Question of the day: I'm running a logistic regression (results below), and I come across a coefficient that is insanely large (in absolute terms). Usually, we don't care about things like that because it's simply a question of scale – if it's really bothering you – multiply this column by 1000 and the coefficient will become -2.7. But if it's not bothering you – leave it.

However, today I needed to investigate the impact of the IV's on the odds ratio. As usual, you take the exponent of each coefficient and that will be the multiplying effect on your odds in the case of a 1-unit change in the underlying IV. In this case, since the coefficient is so negative exp(coeff) = 0

Questions:

  1. Does this mean that we can no longer not care about scale and need to always aim for the coefficients to be somewhere between -5 and 5 tops? (if we need to be able to interpret effect on the odds-ratio)

  2. [The important one] Say, I want to give somebody simplistic advice on how to behave in this situation. The obvious answer is: fix the scale of that specific column. But is there a more general approach? Is there something they can do to never end up in this situation? I'll specify the question: what is the best step-by-step way of interpreting coefficients (in terms of impact on odds-ratio) that guarantees you won't have problems with exp(beta) being 0 or too high?
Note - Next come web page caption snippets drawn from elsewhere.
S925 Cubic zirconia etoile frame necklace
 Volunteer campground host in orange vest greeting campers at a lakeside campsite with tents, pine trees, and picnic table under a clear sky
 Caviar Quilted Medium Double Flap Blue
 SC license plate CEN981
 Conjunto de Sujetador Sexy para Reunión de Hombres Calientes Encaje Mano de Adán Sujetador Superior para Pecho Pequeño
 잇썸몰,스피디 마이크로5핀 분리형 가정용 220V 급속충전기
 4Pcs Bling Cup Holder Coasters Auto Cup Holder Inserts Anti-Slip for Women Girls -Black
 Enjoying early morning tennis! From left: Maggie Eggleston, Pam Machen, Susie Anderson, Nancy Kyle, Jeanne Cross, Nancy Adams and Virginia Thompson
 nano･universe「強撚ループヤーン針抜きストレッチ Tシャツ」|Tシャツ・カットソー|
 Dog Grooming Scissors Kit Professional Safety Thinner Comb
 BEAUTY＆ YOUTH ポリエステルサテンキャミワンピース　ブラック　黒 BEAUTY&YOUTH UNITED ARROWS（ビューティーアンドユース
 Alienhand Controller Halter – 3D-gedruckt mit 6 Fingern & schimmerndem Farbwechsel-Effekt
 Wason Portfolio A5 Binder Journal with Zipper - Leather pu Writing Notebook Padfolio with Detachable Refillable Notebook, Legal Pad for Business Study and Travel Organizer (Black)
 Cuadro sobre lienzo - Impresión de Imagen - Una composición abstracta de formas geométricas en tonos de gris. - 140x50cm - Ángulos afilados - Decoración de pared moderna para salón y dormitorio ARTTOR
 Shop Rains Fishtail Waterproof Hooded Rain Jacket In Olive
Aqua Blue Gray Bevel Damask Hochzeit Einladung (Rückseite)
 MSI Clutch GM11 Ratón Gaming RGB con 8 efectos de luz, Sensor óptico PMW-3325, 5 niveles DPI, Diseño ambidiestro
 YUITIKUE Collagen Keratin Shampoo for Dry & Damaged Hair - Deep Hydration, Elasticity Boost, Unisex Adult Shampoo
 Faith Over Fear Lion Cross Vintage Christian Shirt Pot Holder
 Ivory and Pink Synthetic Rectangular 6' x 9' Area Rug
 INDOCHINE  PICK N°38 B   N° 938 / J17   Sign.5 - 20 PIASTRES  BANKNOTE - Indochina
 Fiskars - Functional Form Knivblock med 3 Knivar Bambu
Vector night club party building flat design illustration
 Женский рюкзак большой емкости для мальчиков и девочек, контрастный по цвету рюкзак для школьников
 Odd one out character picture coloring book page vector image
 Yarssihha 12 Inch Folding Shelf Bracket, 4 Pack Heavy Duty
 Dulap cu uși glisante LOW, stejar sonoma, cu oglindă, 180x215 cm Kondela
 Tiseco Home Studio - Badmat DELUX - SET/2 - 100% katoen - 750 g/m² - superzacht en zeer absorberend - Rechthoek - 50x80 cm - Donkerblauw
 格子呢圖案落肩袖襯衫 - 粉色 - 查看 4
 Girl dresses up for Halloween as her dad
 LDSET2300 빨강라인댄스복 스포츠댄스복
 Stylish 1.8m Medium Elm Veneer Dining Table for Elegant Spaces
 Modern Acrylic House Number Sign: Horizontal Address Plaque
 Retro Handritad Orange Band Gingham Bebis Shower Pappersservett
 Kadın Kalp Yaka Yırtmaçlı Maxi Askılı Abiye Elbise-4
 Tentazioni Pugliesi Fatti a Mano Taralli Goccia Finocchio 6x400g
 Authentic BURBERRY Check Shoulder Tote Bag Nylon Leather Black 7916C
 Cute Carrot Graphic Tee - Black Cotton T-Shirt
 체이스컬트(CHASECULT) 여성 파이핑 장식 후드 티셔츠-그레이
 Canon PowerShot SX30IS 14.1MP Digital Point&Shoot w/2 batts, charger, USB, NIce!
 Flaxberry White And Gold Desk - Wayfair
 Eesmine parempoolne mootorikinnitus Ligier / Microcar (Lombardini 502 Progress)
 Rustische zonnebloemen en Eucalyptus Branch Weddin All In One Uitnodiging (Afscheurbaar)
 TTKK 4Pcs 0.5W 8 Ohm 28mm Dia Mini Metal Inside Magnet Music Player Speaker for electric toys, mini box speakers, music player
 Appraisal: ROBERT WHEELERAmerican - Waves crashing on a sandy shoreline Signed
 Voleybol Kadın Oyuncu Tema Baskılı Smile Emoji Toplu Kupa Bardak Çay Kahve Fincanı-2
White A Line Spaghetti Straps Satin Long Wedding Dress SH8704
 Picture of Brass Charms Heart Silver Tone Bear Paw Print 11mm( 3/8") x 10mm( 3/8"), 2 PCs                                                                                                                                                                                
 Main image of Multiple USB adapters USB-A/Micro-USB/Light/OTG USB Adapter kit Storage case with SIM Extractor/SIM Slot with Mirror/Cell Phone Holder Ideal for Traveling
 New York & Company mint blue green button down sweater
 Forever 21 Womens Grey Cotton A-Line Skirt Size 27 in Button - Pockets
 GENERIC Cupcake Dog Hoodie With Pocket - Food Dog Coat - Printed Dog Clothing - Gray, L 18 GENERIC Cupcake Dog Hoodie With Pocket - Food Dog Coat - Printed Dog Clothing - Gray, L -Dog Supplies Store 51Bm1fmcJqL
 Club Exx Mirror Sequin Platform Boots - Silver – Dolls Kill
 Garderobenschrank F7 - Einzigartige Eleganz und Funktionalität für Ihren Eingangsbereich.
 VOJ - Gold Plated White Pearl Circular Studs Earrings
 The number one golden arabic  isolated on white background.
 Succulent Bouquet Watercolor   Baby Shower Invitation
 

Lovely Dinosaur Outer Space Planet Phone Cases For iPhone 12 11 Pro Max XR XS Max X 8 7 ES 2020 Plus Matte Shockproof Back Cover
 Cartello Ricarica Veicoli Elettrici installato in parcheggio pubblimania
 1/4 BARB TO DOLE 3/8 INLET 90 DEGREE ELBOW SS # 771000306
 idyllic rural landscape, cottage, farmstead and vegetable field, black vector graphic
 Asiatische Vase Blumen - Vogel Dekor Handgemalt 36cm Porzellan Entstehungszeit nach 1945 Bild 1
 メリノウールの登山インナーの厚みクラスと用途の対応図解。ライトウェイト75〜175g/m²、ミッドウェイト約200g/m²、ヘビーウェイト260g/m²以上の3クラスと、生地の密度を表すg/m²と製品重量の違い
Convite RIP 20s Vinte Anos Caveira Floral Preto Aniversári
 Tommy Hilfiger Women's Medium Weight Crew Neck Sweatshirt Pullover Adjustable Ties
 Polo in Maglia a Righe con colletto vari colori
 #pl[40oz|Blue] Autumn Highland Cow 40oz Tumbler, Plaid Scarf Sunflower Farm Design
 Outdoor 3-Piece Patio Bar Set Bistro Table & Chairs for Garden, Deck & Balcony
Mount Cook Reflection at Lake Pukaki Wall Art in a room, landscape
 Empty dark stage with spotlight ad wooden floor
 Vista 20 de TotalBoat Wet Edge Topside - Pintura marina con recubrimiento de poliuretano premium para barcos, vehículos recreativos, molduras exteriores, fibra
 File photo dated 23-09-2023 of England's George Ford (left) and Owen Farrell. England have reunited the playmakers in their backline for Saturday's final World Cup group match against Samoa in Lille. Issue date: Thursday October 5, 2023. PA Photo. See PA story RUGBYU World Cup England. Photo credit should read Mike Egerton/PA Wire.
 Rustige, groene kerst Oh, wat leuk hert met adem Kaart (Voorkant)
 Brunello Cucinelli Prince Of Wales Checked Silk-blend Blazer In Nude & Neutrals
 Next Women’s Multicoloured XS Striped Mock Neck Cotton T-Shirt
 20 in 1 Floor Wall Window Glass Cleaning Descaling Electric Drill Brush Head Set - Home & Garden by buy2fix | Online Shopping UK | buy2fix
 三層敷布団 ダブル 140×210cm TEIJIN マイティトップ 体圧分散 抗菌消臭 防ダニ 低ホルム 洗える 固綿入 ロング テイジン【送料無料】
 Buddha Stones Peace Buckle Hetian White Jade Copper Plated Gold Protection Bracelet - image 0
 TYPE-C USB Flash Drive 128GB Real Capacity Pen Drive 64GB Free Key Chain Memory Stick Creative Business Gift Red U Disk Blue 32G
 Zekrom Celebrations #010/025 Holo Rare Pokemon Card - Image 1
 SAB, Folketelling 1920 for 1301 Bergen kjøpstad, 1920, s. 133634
  3. The IV in question, spendratio2, is the ratio of monthly credit card expenditure to yearly income. It ranges from 0.0001 to 0.9 with a mean of 0.068 and stddev of 0.094. Why I bring this up is that it's not kilometres or kilograms, and multiplying a ratio by 1000 might make it hard to understand and explain to business users. What are your suggestions for changing scale of ratios?

Thank you,

Kind regards,

Kirill Eremenko

Logistic Regression Coeff Too High

Best Answer

One likely explanation which has not been offered is that you have quasi-separation. For nearly all the values of spendratio2 above a threshold cardhldr has the value 1 and for nearly all the values below a threshold, not necessarily the same it has the value 0 (or vice versa). Plotting the proportion of cardhldr for a number of categories of spendratio2 should clarify whether I am right.